The basic storyline is that Beale has invented a way to produce a worm hole, but only has enough of a rare radioactive element to power one end of the hole. To get more, he must convince investor Klaus Meisner (Michael Ironside) to spring for a substantial additional investment in the project, an investment that would include the element that, surprise, only Meisner’s big, bad corporation produces. The wrinkle is that Beale falls for Meisner’s mistress Abby (Brianne Davis) and they soon scheme to be together.
Abby seems to have her own agenda and Beale’s unsure if he’s going to be able to convince Meisner to offer up the additional funding and let him create the other end of the worm hole. Close examination of the video footage from when they opened up the first side of the worm hole seems to suggest that someone came through the portal. But how, when the other end isn’t created yet. Or is it… in the future?
he film offers up an increasingly confused narrative where there might be more than one instance of a lead character — and what happens if they meet? — and if the future character can go back in time and prevent a bad outcome of an experiment…. but if love gets in the way of science, what to choose?
Meanwhile, the low-budget production tries desperately to pull off a futuristic noir setting not just inspired by Blade Runner but more ripped off wholesale, to the point where I kept waiting for the neon billboards, “skin jobs” and invitations to “come to the outer colonies” as so characterized the brilliant 1982 Ridley Scott film. The laboratory also seemed a cross between the chaotic jumble of 12 Monkeys (a far more interesting time travel film) and Primer (a much better indie time travel movie).
A sloppy setting can be excused in an indie movie, but what really torpedoes Synchronicity is the poor performance of lead actor Chad McKnight and the complete lack of chemistry between him and his female lead Brianne Davis.

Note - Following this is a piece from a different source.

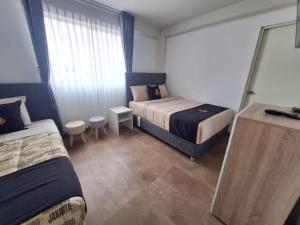 una camera d'albergo con due letti e una finestra di Hotel MAXIMUM COMFORT FCA a Salinas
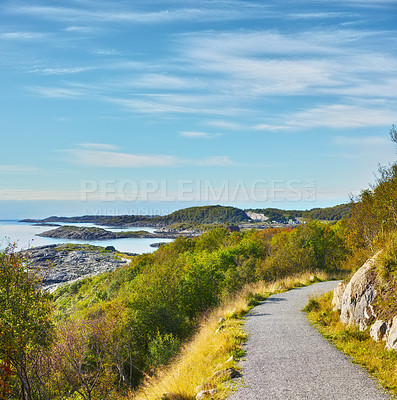 Buy stock photo Road, landscape and sky with ocean in nature for travel, adventure and trees with mountain view in Norway. Path, coastline and location with hill, roadway and environment for holiday and direction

They both might mature into splendid actors in a few years, but in this movie he lacks any sort of ability to command our attention and other than Brianne’s obvious physical charms there’s no reason that their characters would be interested in each other within the context of the story.

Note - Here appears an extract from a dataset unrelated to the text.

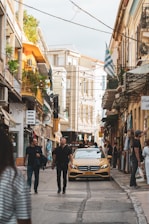 A friendly taxi driver assisting a passenger with luggage amid Greek island scenery.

And yet. And yet buried in Synchronicity is a really excellent time travel movie. Perhaps a better script, better actors and a director with more experience under their belt could have delivered, and that’s the greatest frustration with the film because more than once there were those “oohhh” and “ahhh” moments when things came together and the film proved engrossing. Unfortunately, they proved too infrequent and too short to prop up this clunker of a sci-fi film.